The handler is a pure function of its input. There is no per-client state, no in-process cache, no shared mutable data. The only process-local datum is instance_id_, which is informational, not behavioral — it is included in the response so callers can verify load distribution.

Three manifests follow. The first is compose.yaml for podman-compose — the primary stack for local development and single-host deployment:

# compose.yaml — podman-compose, stateless posture
services:
  compute:
    image: registry.example.com/compute:1.0.0
    read_only: true
    tmpfs:
      - /tmp
    deploy:
      replicas: 4
      resources:
        limits:
          cpus: "0.5"
          memory: 256M
        reservations:
          cpus: "0.25"
          memory: 128M
    environment:
      INSTANCE_ID: "${HOSTNAME}"
      LISTEN_ADDR: "0.0.0.0:50051"
    ports:
      - "50051"
    healthcheck:
      test: ["CMD", "/bin/grpc_health_probe", "-addr=:50051"]
      interval: 5s
      timeout: 2s
      retries: 3
      start_period: 2s

The read_only: true flag makes the rootfs immutable so accidental writes fail loudly rather than silently disappearing on restart (Doc 08 develops this). The tmpfs mount provides a legitimately-writable /tmp. The deploy.resources block sets the OS container’s CPU and memory budget, which the C++ side must respect when sizing process-scoped state — connection pools, in-process caches, the PMR upstream resource (Doc 04 covers this in detail). The healthcheck uses the bundled grpc_health_probe binary against the standard gRPC health protocol (Doc 09).

For Kubernetes, the same image runs under either a Deployment (stateless scaling) or a StatefulSet (ordinal identity).

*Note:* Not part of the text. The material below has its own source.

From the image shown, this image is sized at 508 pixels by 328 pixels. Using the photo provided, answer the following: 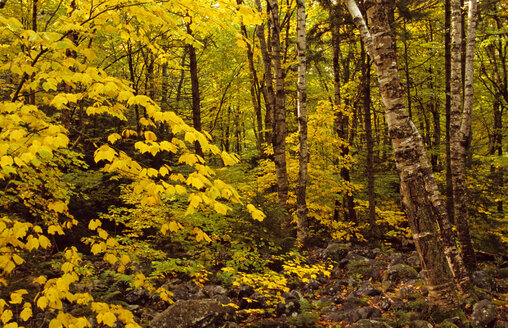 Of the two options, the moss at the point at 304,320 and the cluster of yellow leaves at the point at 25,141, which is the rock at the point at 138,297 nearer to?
the moss at the point at 304,320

A Deployment manifest:

# deployment.yaml — Kubernetes, stateless posture
apiVersion: apps/v1
kind: Deployment
metadata:
  name: compute
spec:
  replicas: 4
  selector:
    matchLabels: { app: compute }
  template:
    metadata:
      labels: { app: compute }
    spec:
      containers:
        - name: compute
          image: registry.example.com/compute:1.0.0
          ports:
            - containerPort: 50051
          env:
            - name: INSTANCE_ID
              valueFrom:
                fieldRef: { fieldPath: metadata.name }
            - name: LISTEN_ADDR
              value: "0.0.0.0:50051"
          resources:
            requests:
              cpu: "250m"
              memory: "128Mi"
            limits:
              cpu: "500m"
              memory: "256Mi"
          securityContext:
            readOnlyRootFilesystem: true
          volumeMounts:
            - name: tmp
              mountPath: /tmp
          readinessProbe:
            grpc: { port: 50051 }
            initialDelaySeconds: 1
          livenessProbe:
            grpc: { port: 50051 }
            initialDelaySeconds: 5
      volumes:
        - name: tmp
          emptyDir: { medium: Memory }

The Kubernetes manifest expresses the same three things — read-only rootfs, RAM-backed /tmp, CPU/memory budget — using its own vocabulary. readOnlyRootFilesystem mirrors Podman’s read_only: true. emptyDir: { medium: Memory } is the analogue of Podman’s tmpfs:. resources.requests/limits is the more granular cousin of compose’s deploy.resources. Probes are richer than Podman’s single-check model — startup, liveness, and readiness are separate, and gRPC-native probes (since Kubernetes 1.24) avoid needing grpc_health_probe as an exec.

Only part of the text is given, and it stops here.